START Records supplied

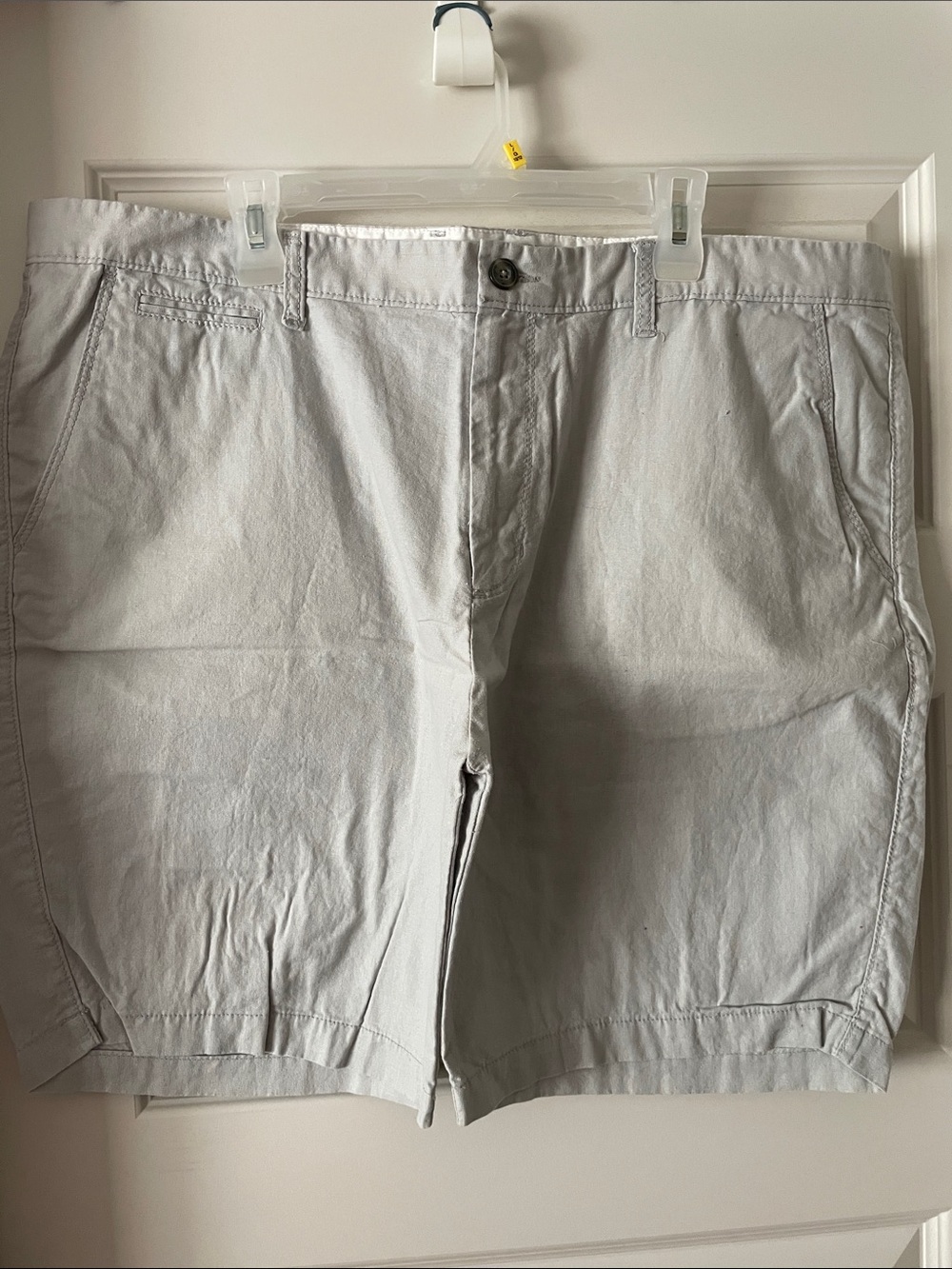 Men's Light Gray Casual linen Shorts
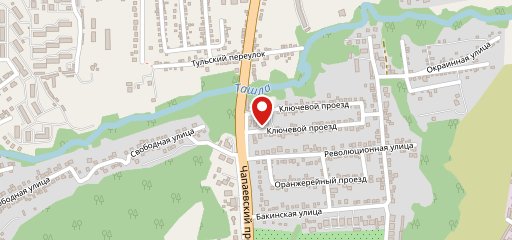 Булочная на карте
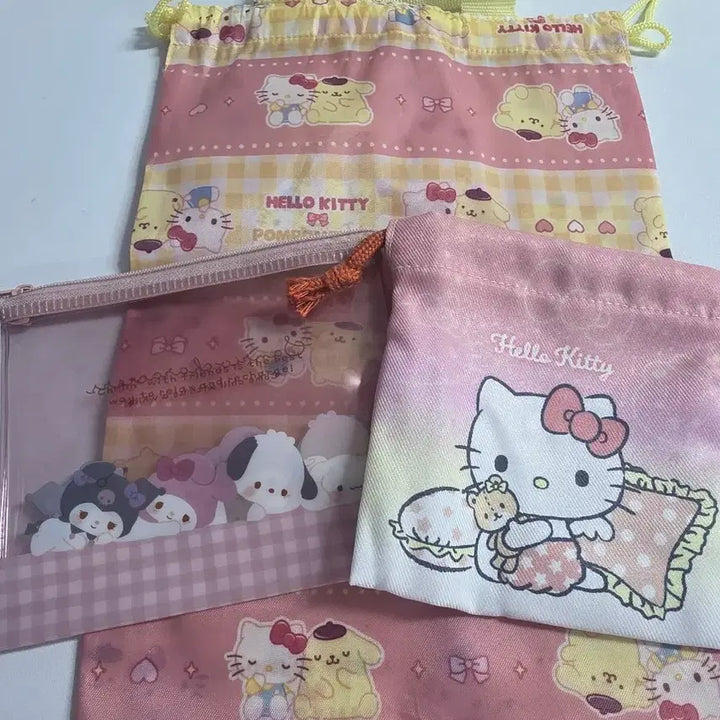 [BUNJANG] Sanrio Pouch Bundle Set / 산리오 파우치 일괄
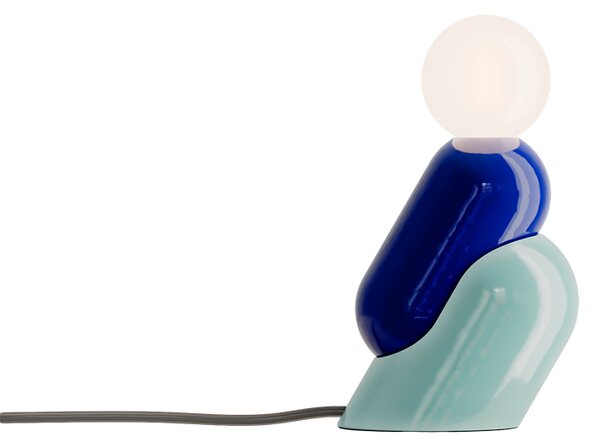Ferroluce Stolní lampa TATA, v. 20,2 cm, 1xG9 Barva: Oranžová - zelená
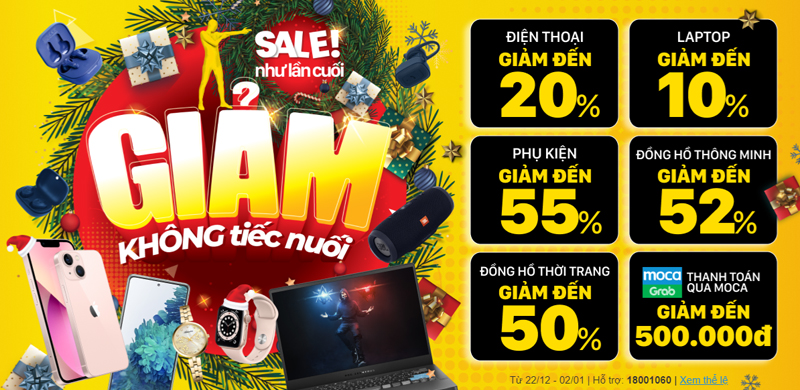 SALE như lần cuối GIẢM KHÔNG tiếc nuối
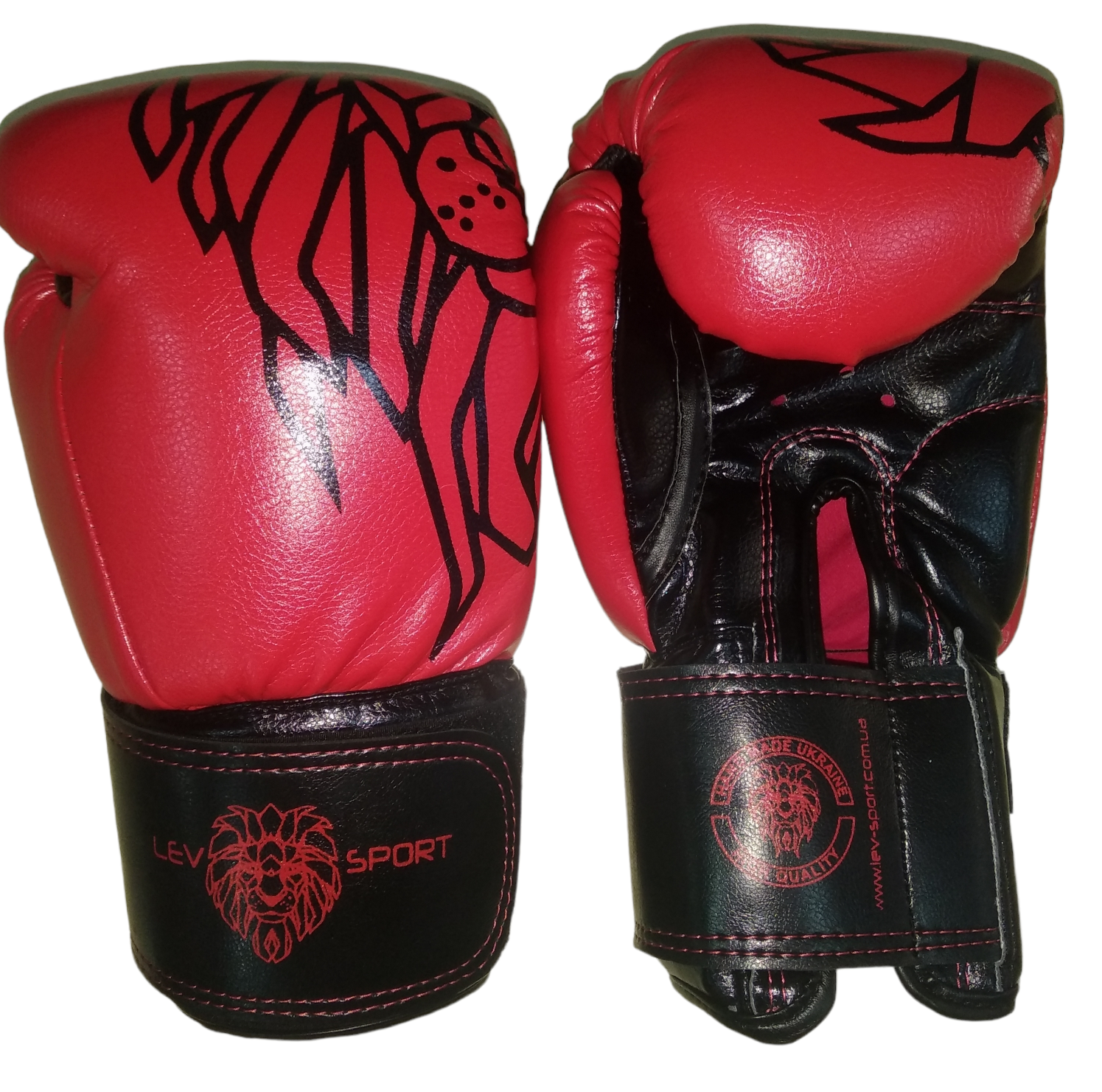 Боксерские перчатки Lev Sport TOP стрейч р. 10 Красный (8585053829353)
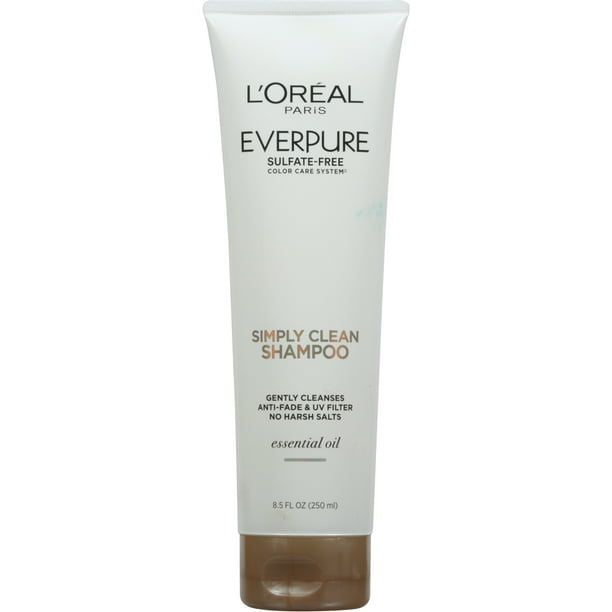 L'Oreal Paris EverPure Simply Clean Shampoo with Essential Oil Sulfates, 8.5 fl oz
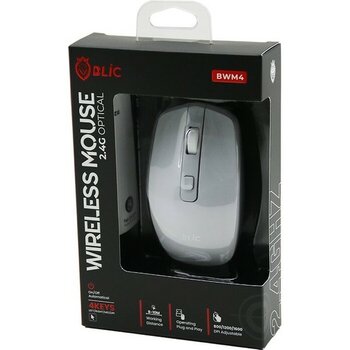 Nargo Blic-Bwm4 Beyaz Kablosuz Mouse 2.4g 8-10M Distance Wireless - Kablosuz 1600DPI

END Records supplied

Exact copy, pictures excluded: repeat the lines from the top of the material through the line with "Боксерские перчатки Lev".

[The completed task]:
 Men's Light Gray Casual linen Shorts
 Булочная на карте
 [BUNJANG] Sanrio Pouch Bundle Set / 산리오 파우치 일괄
Ferroluce Stolní lampa TATA, v. 20,2 cm, 1xG9 Barva: Oranžová - zelená
 SALE như lần cuối GIẢM KHÔNG tiếc nuối
 Боксерские перчатки Lev Sport TOP стрейч р. 10 Красный (8585053829353)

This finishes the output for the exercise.